The Adventures of the Lost Macaron

After a morning of Renaissance culture spent at Notre Dame, Brooke, Lindsey, and I went off in search of my other personal favorite cultural time period. 





Whilst wandering the Latin Quarter of Paris and into the St. Germain-des-Prés area, however, we were inevitably distracted. 


First by a window display of undeniable macarons (to be saved for later). 



Second, of course, by the rumbles in our tummies demanding a tourist-trapped, but still delicious, many course lunch. 




Since nearly every menu we passed by in our indecisiveness offered roughly the same meal, we finally picked a cozy, warm toned restaurant that promised soupe a l'oignon as a starter. The only downside to this is that now French Onion Soup is ruined to me anywhere outside its actual country of origin. 

(Excuse my privileged traveler problem.) 


For my second course I had the salmon, though it was, admittedly, nothing to write home about. 



However, despite the lackluster second course, the girls and I quickly realized that the perk that is really worth mentioning about eating off a three course menu, is that we could each pick a dessert and share. It doesn't take much more than a flan, chocolate mousse, and apple custard pie to please us. 


After stuffing our faces with food and our purses with complimentary bread (don't judge us, we were poor vagabonds), we wandered in a few more circles before finally discovering Shakespeare and Company


This fantastical bookstore was founded by George Whitman and named in honor of Sylvia Beach's original store, where the so called "Lost Generation" spent their days honing their craft (for a more in depth history, click here). 


Outside of this sneaked picture of the cubby where you're invited to leave notes to other writers, photography is not allowed in the bookstore. As a snap happy traveler, of course I wanted to, but looking back, I think it's great they don't allow photos. 


Bookstores, for readers & writers, are like stepping into a home away from home. There is nothing more peaceful or welcoming as shelves lined with titles, both familiar and foreign. Everywhere you turn there are stories to fall into and adventures to be lived.
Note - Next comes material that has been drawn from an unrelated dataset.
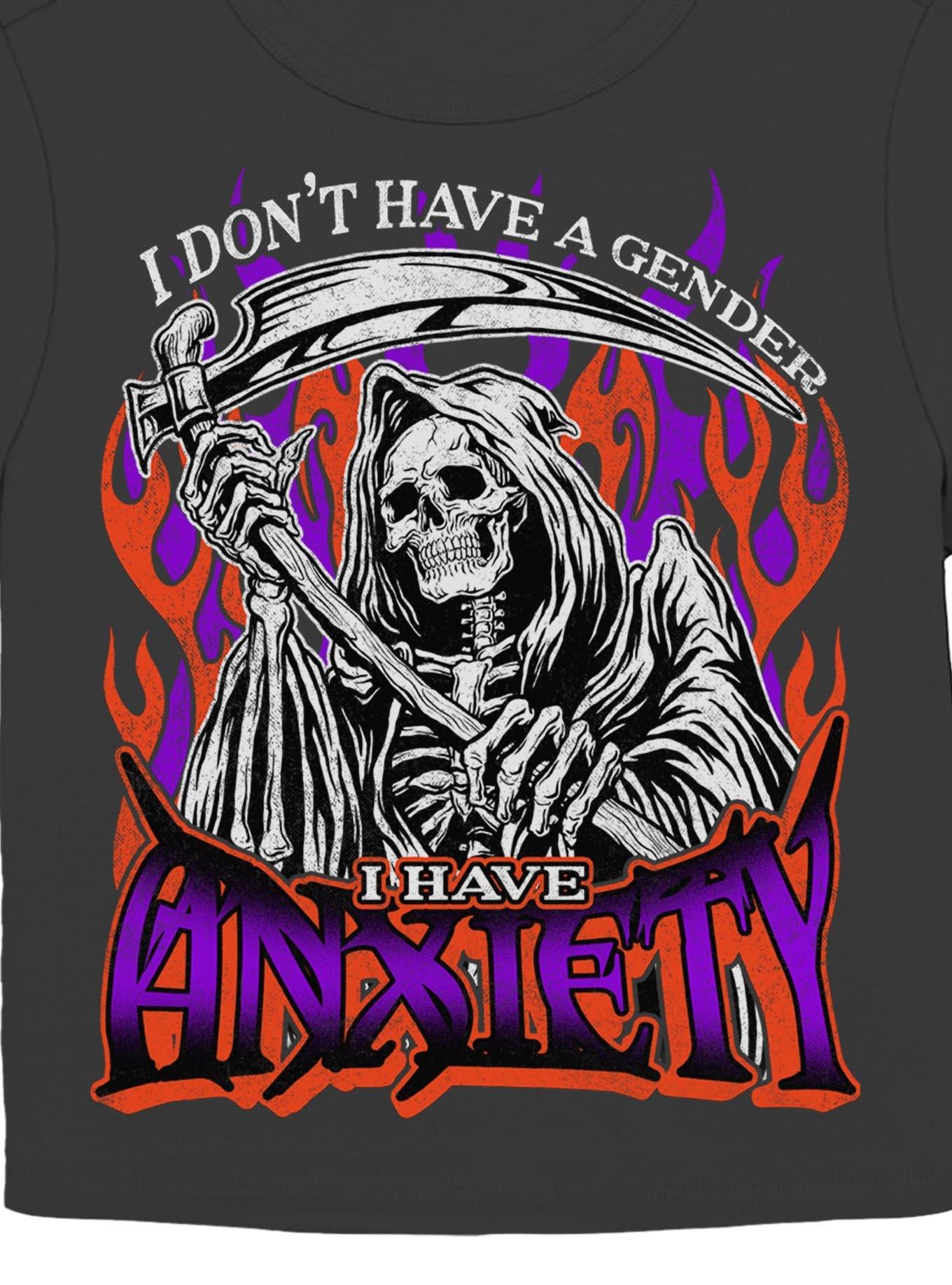 I Don't Have A Gender I Have Anxiety Womens Baby T-Shirt BoxLunch Exclusive, , hi-res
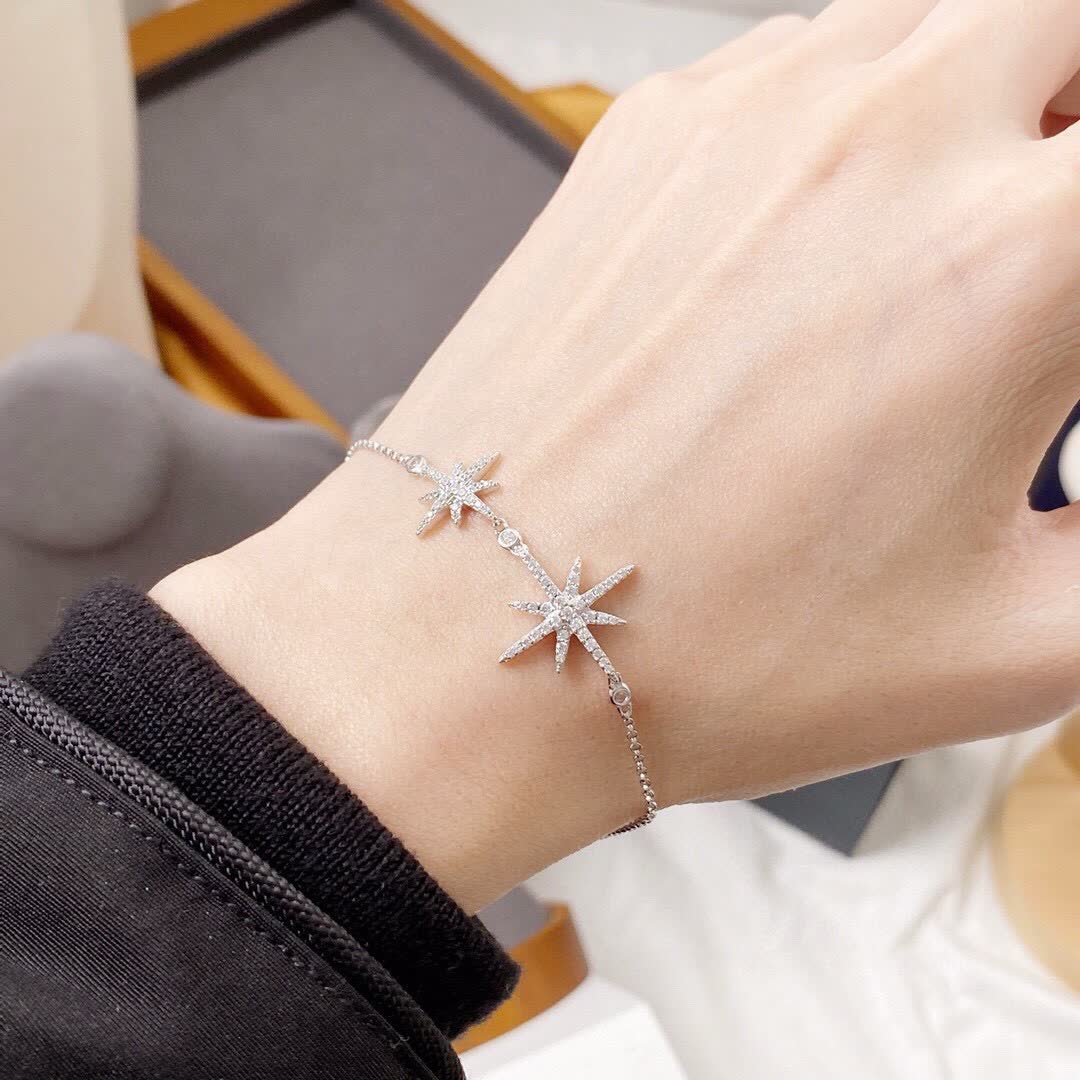 APM Monaco Silver Star Bracelet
That comforting atmosphere is not something that can ever hope to be captured in an image. 


The three of us split ways in the store, each enamored by the feeling of stepping into another time, romantically wishing we were standing amongst Hemingway or Fitzgerald.  







We all had to buy something, soaking up the novelty of where we got to make our purchase, but also just because we're a bunch of book nerds who wanted to buy out the whole store.
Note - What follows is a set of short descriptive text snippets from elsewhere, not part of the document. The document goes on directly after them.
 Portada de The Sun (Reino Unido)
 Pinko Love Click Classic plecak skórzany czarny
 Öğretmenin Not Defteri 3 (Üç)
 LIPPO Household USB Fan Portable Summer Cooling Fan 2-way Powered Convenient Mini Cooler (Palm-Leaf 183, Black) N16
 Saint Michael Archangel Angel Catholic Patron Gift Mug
Each of us chose a classic. 

For me, after having finished The Sun Always Rises in the south of Spain, the obvious choice was Ernest Hemingway's most famous, A Moveable Feast. I would recommend the book even if I hadn't read it while in the city of its setting, but I implore anyone who has the delight of traveling to Paris to pick up a copy as well. As Hemingway leads you through his torrid life he paints an exquisite dream of Paris as it was in the early 1900s, and an engaged reader can nearly look up from the novel and see Ezra Pound writing poetry at the adjacent table or Gertrude Stein advising Sherwood Anderson over cafés au lait.   



After making our splendid purchases we sat down with our own cafés au lait & le choux á la créme (which roughly translates to: delectable French cream puff that is so tasty you would lick it off the bottom of your shoe if necessary) at Odette.  
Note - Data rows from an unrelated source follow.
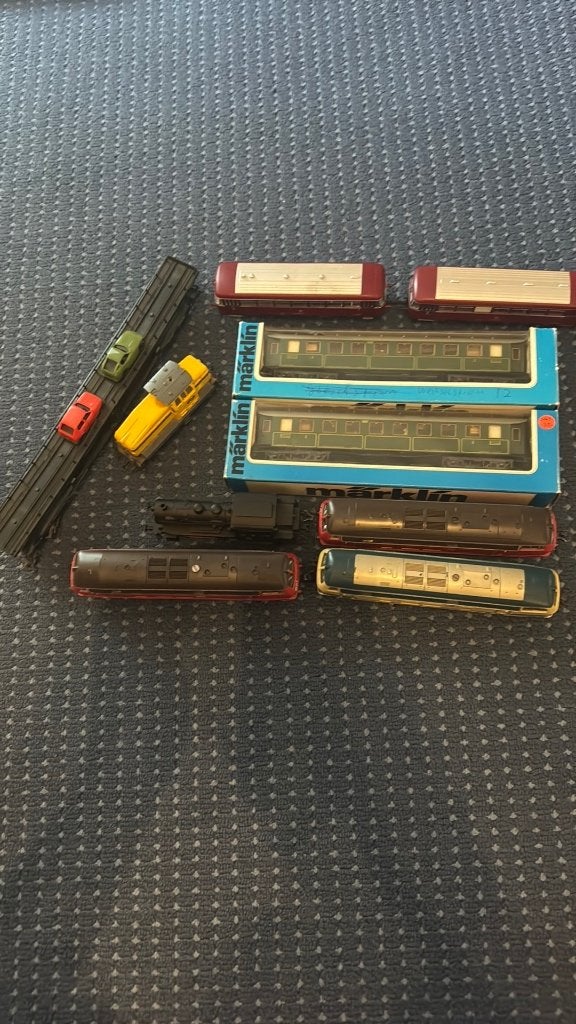 Modeltreinen waarvan groot deel marklin, Wisselstroom, Gebruikt, Locomotief, Ophalen of Verzenden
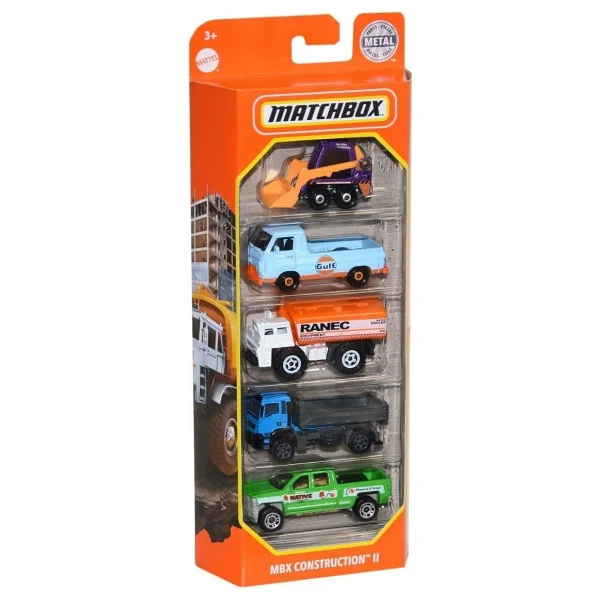 Matchbox Wildfire Rescue Beşli Araba Seti C1817 - Görsel 2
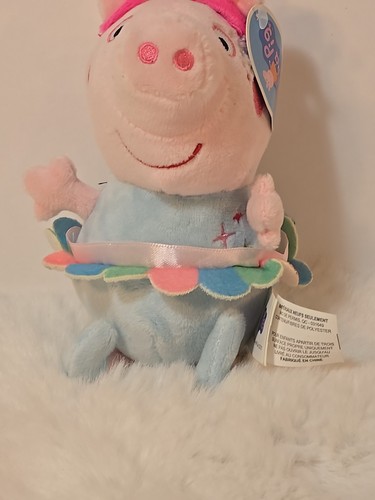 Riesiges Peppa Pig 6 Zoll Stofftier Plüsch Einhorn Outfit neu mit Etikett Fiesta - Bild 3 von 9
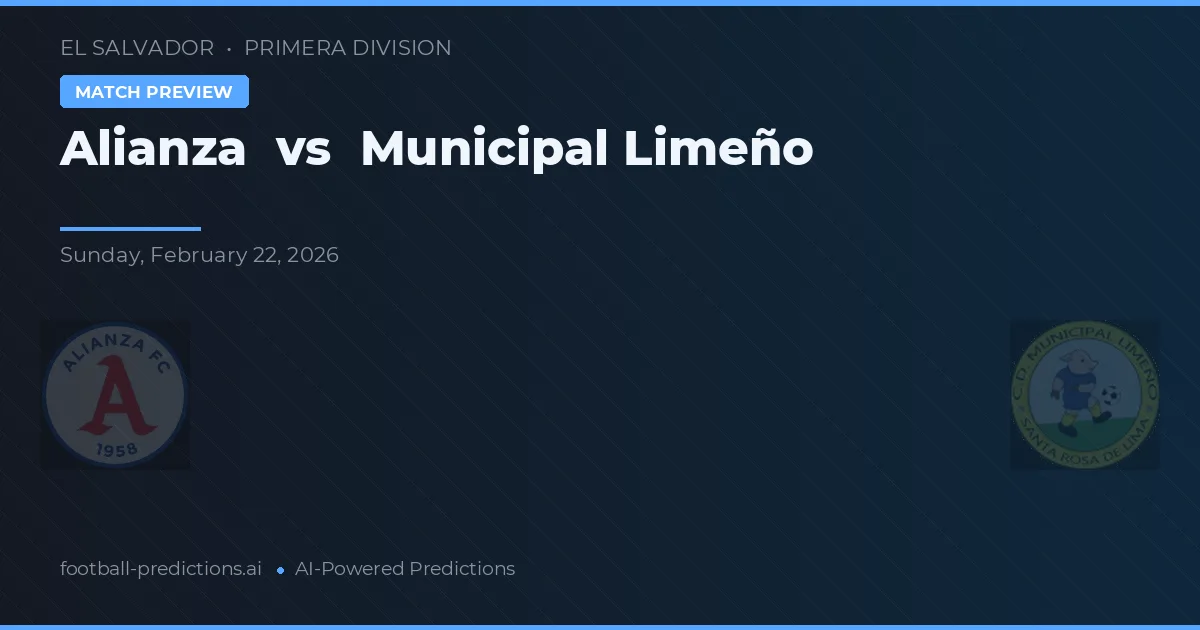 Alianza vs Municipal Limeño — matchtips och förhandstitt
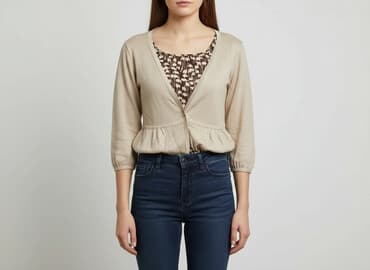 sweter z dinozaurem: Kardigan damski, rozmiar S — 6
We also took this seated moment to bust out the array of macarons we had purchased earlier that afternoon. 


Being very lady like and also photo happy we laid them delicately on a separate plate, delegating how many we would eat. 


It's lucky the picture below turned out, because had I dropped the chocolate macaron I was rationed, I would have been denied even one more from the box. 


"Why would your rations have been denied?", you ask. 

I dropped the pink one. There: I admitted it. In my first attempt at a macaron close up the damn thing leapt out of my finger tips and rolled gracefully about six feet away, where it would remain while the elegant Parisian women stepped around it in disdain. 



Our poor stray macaron's adventure on the street was short lived. Soon some uncivilized heathen would walk buy and stomp the precious gem into the ground. It was quite a traumatic moment for everyone.


It took us at the very least twenty minutes to recover from both the hysterical laughing at what would later become known as "The Adventure of the Lost Macaron" and the hysteria of it's tragic ending. And honestly, out of all the incredible sights we saw in Paris, this is likely the ridiculous memory, shared with my best friends in the world, that will stay with me most vividly over time.